4. Scalability - can handle a lot larger load…..not just in throughput but also in concurrent connections
5. Architecture - ok, granted depending on your hardware but it can be a night and day difference in the architecture. -
hey guys,
you are comparing a small linux box (200 MHz, 16 Mb RAM) to a computer with 256 or 512 Mb of RAM and a big processor.
so it is normal to have unstability problem with the small router when it handels a lot of connections, bittorent and P2P…. but DD-WRT have a X86 version that runs on PCs and it is really stable and faster than Pfsense.
I am using now many dd-wrt boxes as access points, and pfsense is doing the rest (DHCP, authentication...) pfsense never crash but it have a lot of bugs and missing futures.

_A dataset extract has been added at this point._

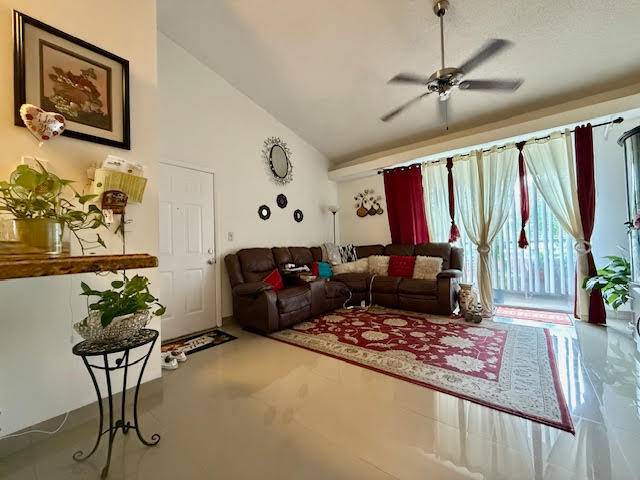 MOTIVATED SELLER ! ! beautiful and spacious 2 1 condo, resort style living, spectacular garden view, split floor plan, Second floor unit, Stainless steel appliances and full size washer and ...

it would be appreciated if pfsense have some of DD-WRT futures like- additionnal DHCP options / DNSmasq as DHCP server, windows networking is not working well in pfsense (from LAN to WAN, LAN clients cannot see PC connected on WAN domain for exemple in latest pfsense release). i think that this problem is related to a DNS / firewall bugs ?
- I prefer SPI firewall than pfsense, but it is a personal choice
- Access restrictions per IP or MAC address is also missed in actual Pfsense release. blocking P2P and other applications or website is easy with dd-wrt
- QoS, priority per IP, MAC, subnet or application... in VLANs also
- the hotspot options : DD-WRT can use chillispot, nocat, spuntik for authentications... it would be nice if chillispot can be add to pfsense via a package (it needs a package for chillispot, radius, webserver... MySQL is also preferable).
- a monitoring package like Rflow is also missed in pfsense, it is not perfect in dd-wrt but the best is to have a package or a small software that list all connected users (users, mac, ip, time and trafic) with the possibility to disconnect users
-finally a nice future that could be easy implemented in pfsense I thnik, is the possibility to define a user groups and to add (in captive portal) its static DHCP mapping
anyway pfsense is a very good firewall and the support on the forum is very fast and appreciable.